The Indian government is all set to investigate a claim that WhatsApp accessed the microphone of smartphone users while the phone was not in use, said Minister of State for Electronics and Information Technology Rajeev Chandrasekhar on Wednesday.
Breach Of Privacy By WhatsApp
The minister said in a tweet that the government will examine the alleged breach of privacy even as the new Digital Personal Data Protection Bill was being readied.
This all started following a claim that WhatsApp accessed a user’s microphone while he was sleeping.
This is an unacceptable breach n violation of #Privacy
— Rajeev Chandrasekhar 🇮🇳 (@Rajeev_GoI) May 10, 2023
We will be examinig this immdtly and will act on any violation of privacy even as new Digital Personal Data protection bill #DPDP is being readied.@GoI_MeitY @_DigitalIndia https://t.co/vtFrST4bKP
In a tweet, an engineering director at Twitter, Foad Dabiri said, “WhatsApp has been using the microphone in the background, while I was asleep and since I woke up at 6 AM,” on Saturday.
In response to Dabiri’s tweet, Chandrasekhar said, “This is an unacceptable breach and violation of privacy.”
Further adding, “We will be examining this immediately and will act on any violation of privacy even as the new Digital Personal Data Protection bill is being readied,”.
Tweet Gone Viral
It seems that Dabiri’s tweet went viral attracting over 65 million views.
In its defense, WhatsApp said that it has been in touch with the Twitter engineer over the last 24 hours, who posted an issue with his Pixel phone and WhatsApp.
WhatsApp said, “We believe this is a bug on Android that misattributed information in their Privacy Dashboard and have asked Google to investigate and remediate,” in a tweet.
Further claiming that users have full control over their mic settings.
It said, ”Once granted permission, WhatsApp only accesses the mic when a user is making a call or recording a voice note or video – and even then, these communications are protected by end-to-end encryption so WhatsApp cannot hear them,”.
While proving his theory, the engineer working with Twitter shared screenshots of his phone which showed WhatsApp accessing and using his handset’s microphone at various times even as he was asleep.
In the meantime, the screenshots prompted several users such as Twitter and Tesla Inc chief Elon Musk, to raise concerns.
To the extent where Musk tweeted, “WhatsApp cannot be trusted,” on the screenshot shared by Dabiri.
Adding, “Or that WhatsApp founders left Meta/Facebook in disgust, started #deletefacebook campaign & made major contributions to building Signal.

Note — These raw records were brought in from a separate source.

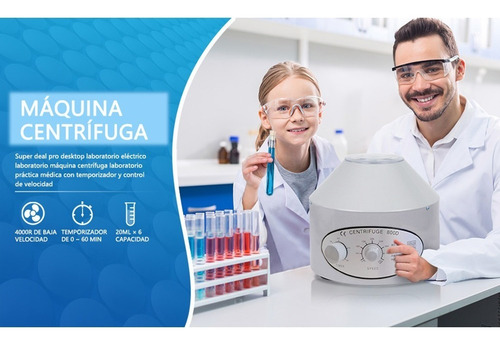 Máquina Centrífuga Prp 4000 Rpm Para Laboratorio 800-d 110v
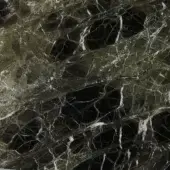 Breccia Imperiale marble texture with dark matrix, creamy white veins, and muted green patches, displaying a polished, variegated surface.
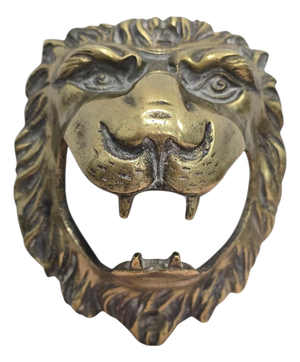 Bronze Lion Head Sculpture, 1890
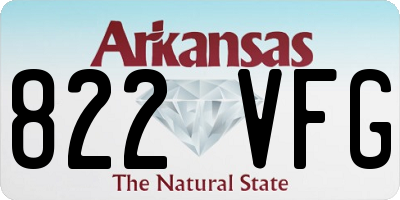 AR license plate 822VFG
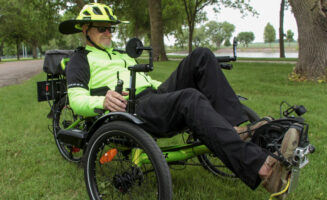 85-year-old bicyclist racks up miles for fitness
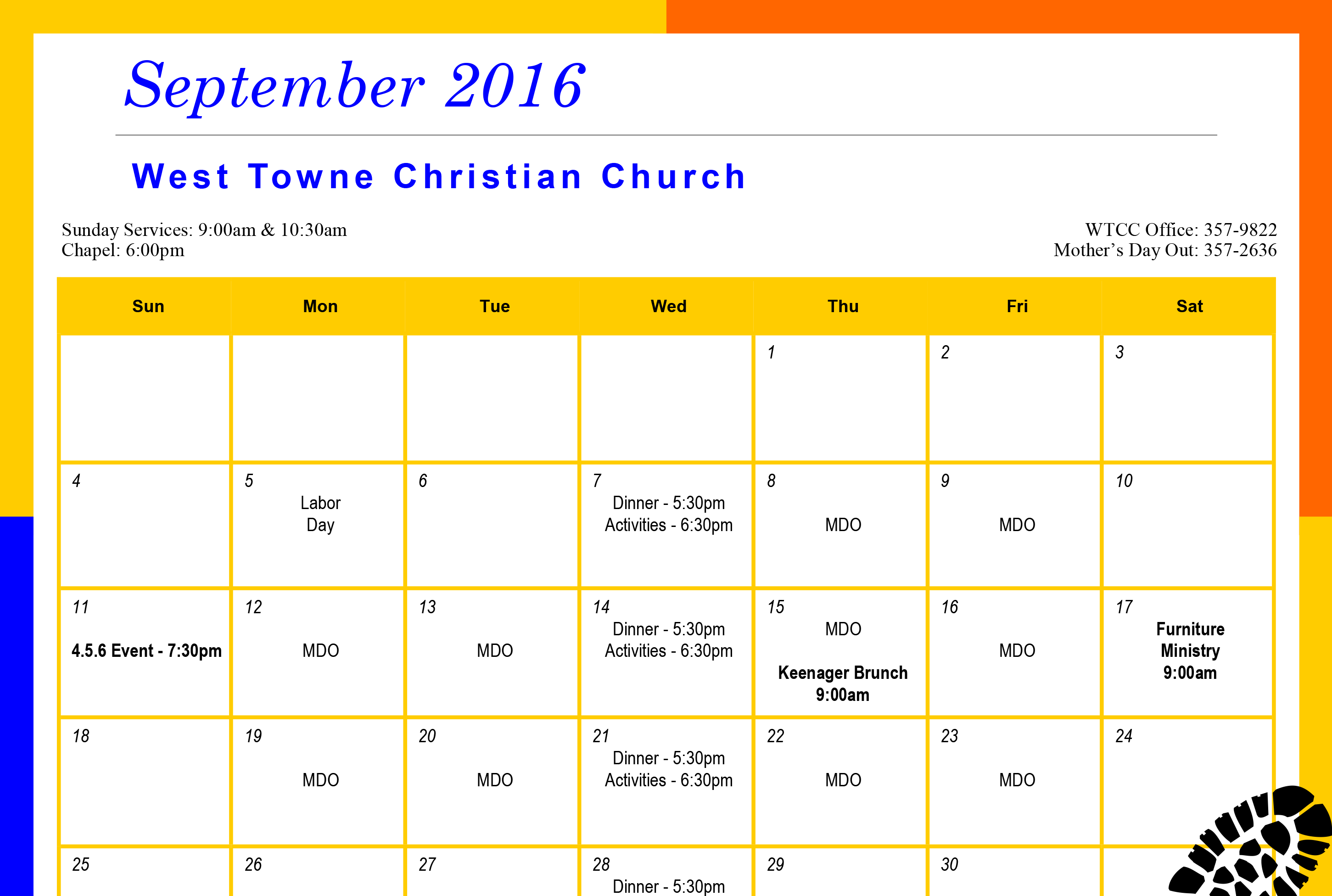 Calendar September 2016 E1472756750546 - Jpeg (2902x1952), Png Download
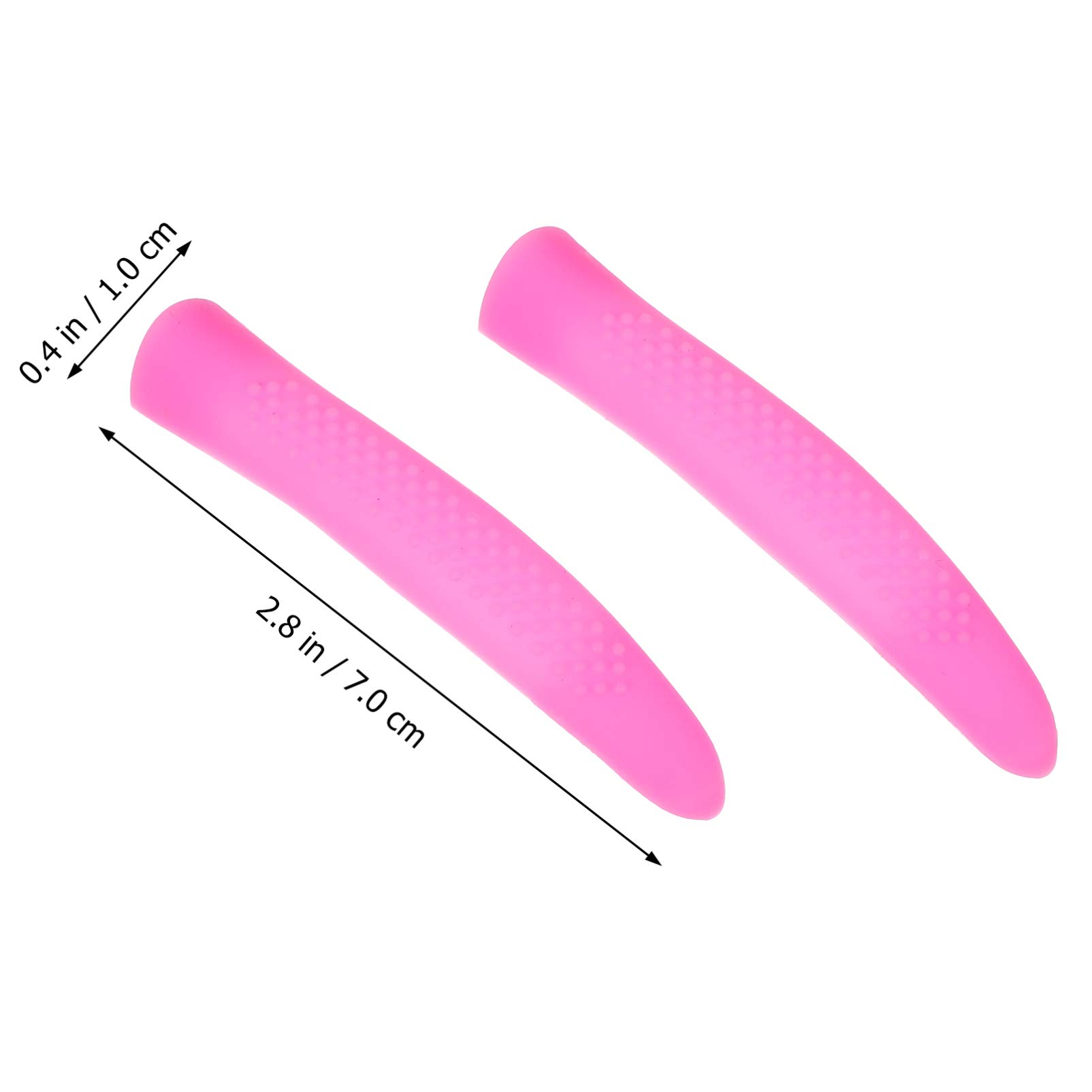 15paia Coprimanico Silicone Antiscivolo Per Forbici Cuticole Di Manicotti Protettivi Per Trimmer Facile Da Installare e Sicuro Per Uso Manicure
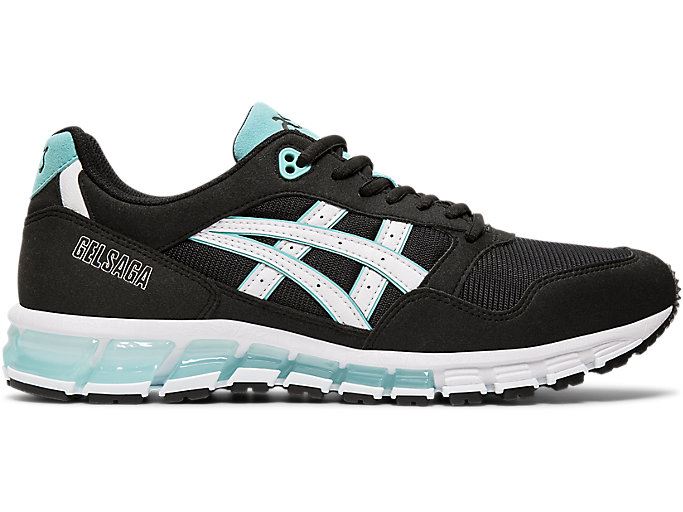 Black / White Asics GEL-SAGA 180 Men\'s Sneakers | SDGL3332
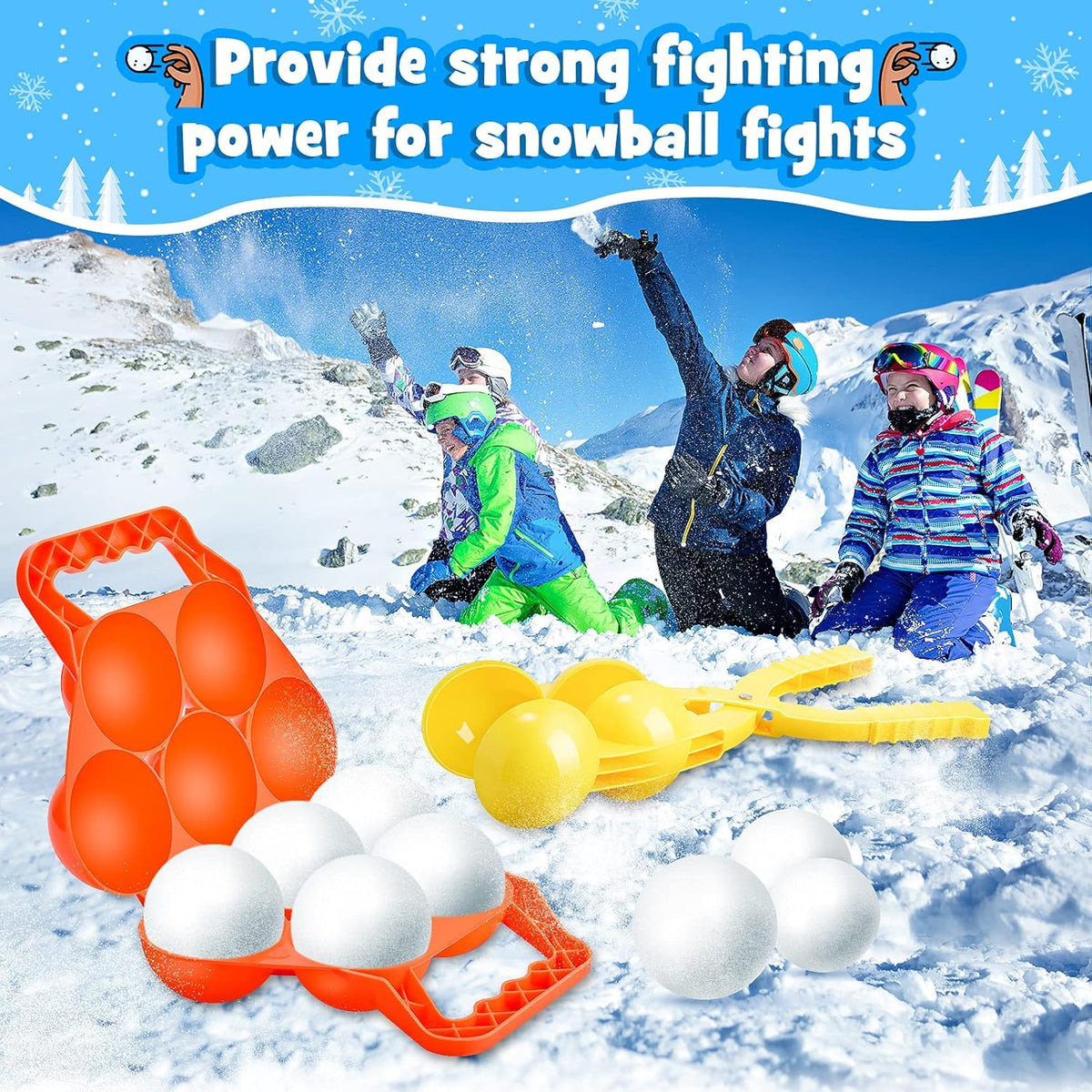 20 PCS Snowball Maker with Carrying Bag Snow Mold X9265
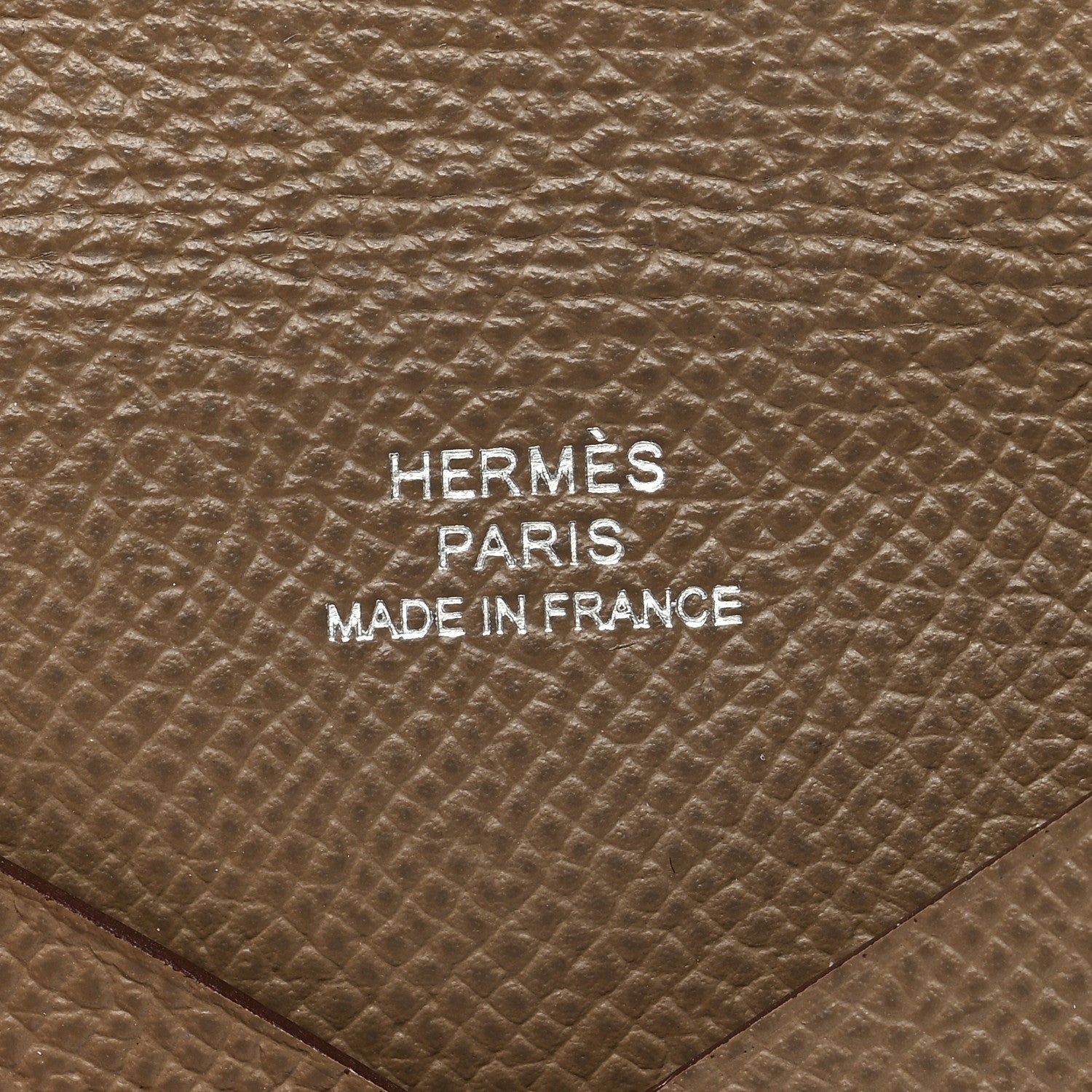 Hermes Epsom Calvi Card Case Etoupe 6 of 7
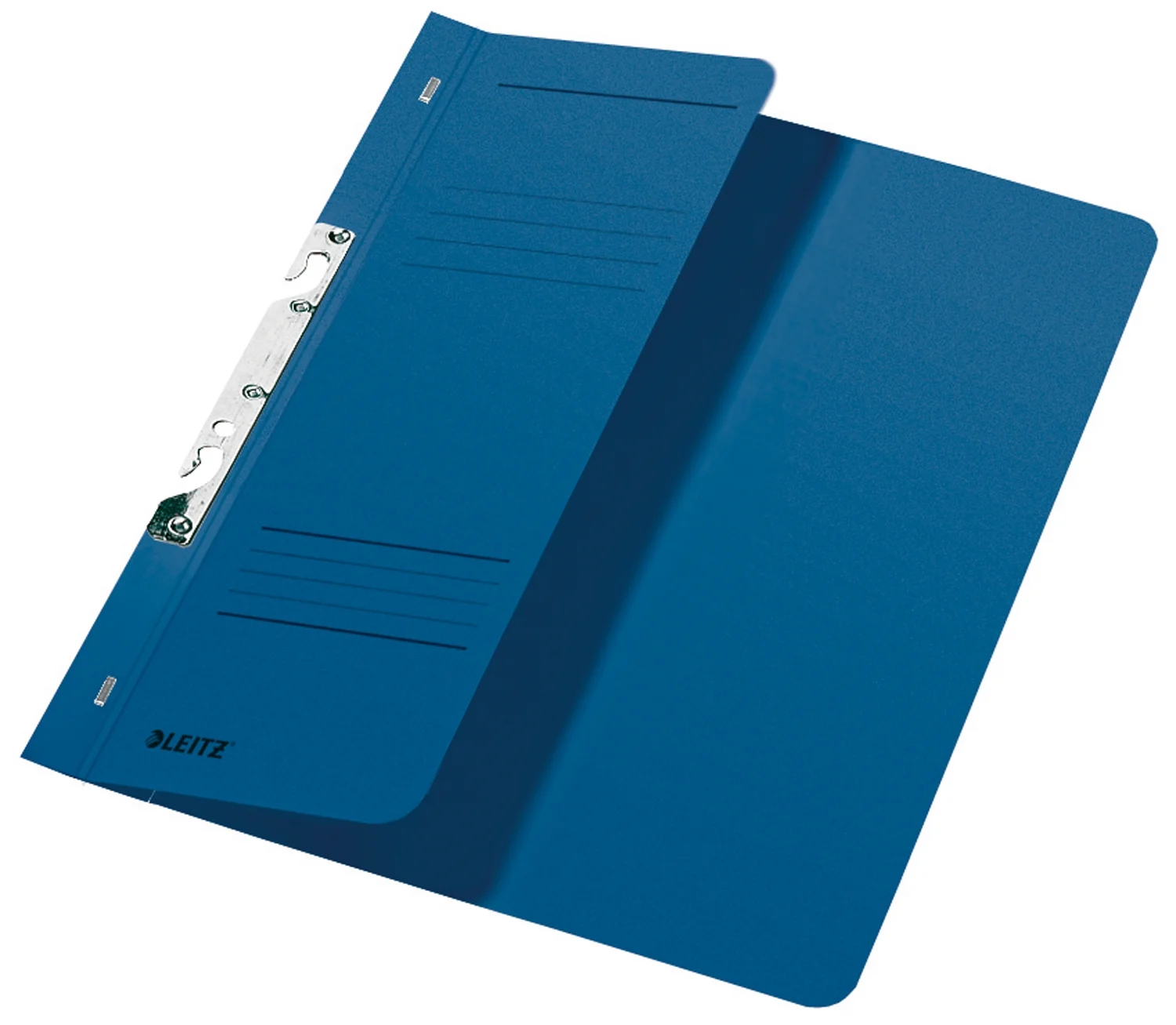 Dosar cu capse, 1/2, carton, 100% reciclat, certificare Blue Angel, A4, incopciat, 170 coli, Leitz – imaginea 2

What they learned about Facebook & changes to WhatsApp obviously disturbed them greatly.”
It appears that WhatsApp has been under scrutiny in India over various issues.
The Meta-owned messaging app saw a two-hour service disruption, prompting the Ministry of Electronics and Information Technology (MeitY) to ask the platform to share reasons for the disruption, during October last year.